In January, New York City inaugurates its first female mayor. In April, her son disappears.
Called in by the mayor's chief aide—a former girlfriend of private investigator Bill Smith’s—to find the missing fifteen-year-old, Bill and his partner, Lydia Chin, are told the boy has run away. Neither the press nor the NYPD know that he’s missing, and the mayor wants him back before a headstrong child turns into a political catastrophe. But as Bill and Lydia investigate, they turn up more questions than answers.
Why did the boy leave? Who else is searching for him, and why? What is his twin sister hiding?
Then a teen is found dead and another is hit by gunfire. Are these tragedies related to each other, and to the mayor's missing son?

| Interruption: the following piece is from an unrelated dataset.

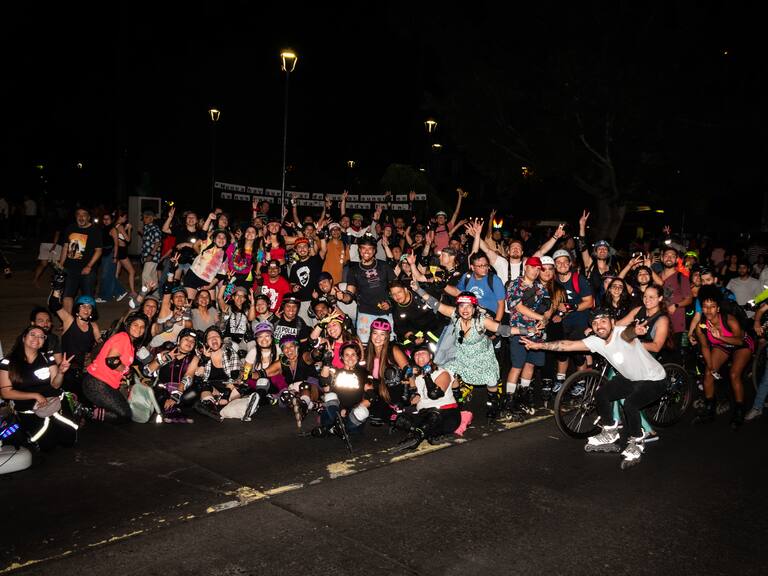 Más de 15 mil personas participaron en la CicloRecreoVía nocturna de Ñuñoa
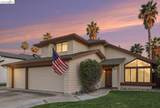 2110 Largo Ct - Photo 1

In a desperate attempt to find the answer to the boy's disappearance before it's too late, Bill and Lydia turn to the only contacts they think will be able to help: the neighborhood leaders who are the real ‘mayors’ of New York.
PUBLISHERS WEEKLY
PIs Smith and Chin tackle a pair of hot potato mysteries in Edgar winner Rozan's excellent 15th outing for the duo (after 2021's Family Business). Bree Hamilton, who handles PR for Carole McCann, the city's first female mayor, enlists Smith to help her boss: McCann's 15-year-old son, Mark, has apparently run away, taking money, clothes, and a backpack with him. The mayor is hoping to keep his disappearance from the NYPD, out of concern that involving them could cost her at the bargaining table during sensitive salary negotiations with the Detectives' Endowment Association. Despite his personal distaste for McCann ("I'm a New Yorker. I have a God-given right to dislike politicians"), Smith, who frequently ran away from home himself as a child, agrees to take the case. He soon discovers it might connect with the apparent suicide of a teenage overachiever that Chin has been asked investigate. Rozan has never been better at quip-filled dialogue that Rex Stout would be proud of, and once again excels at evoking the tangled power dynamics of contemporary New York City. This superior series shows no sign of losing steam.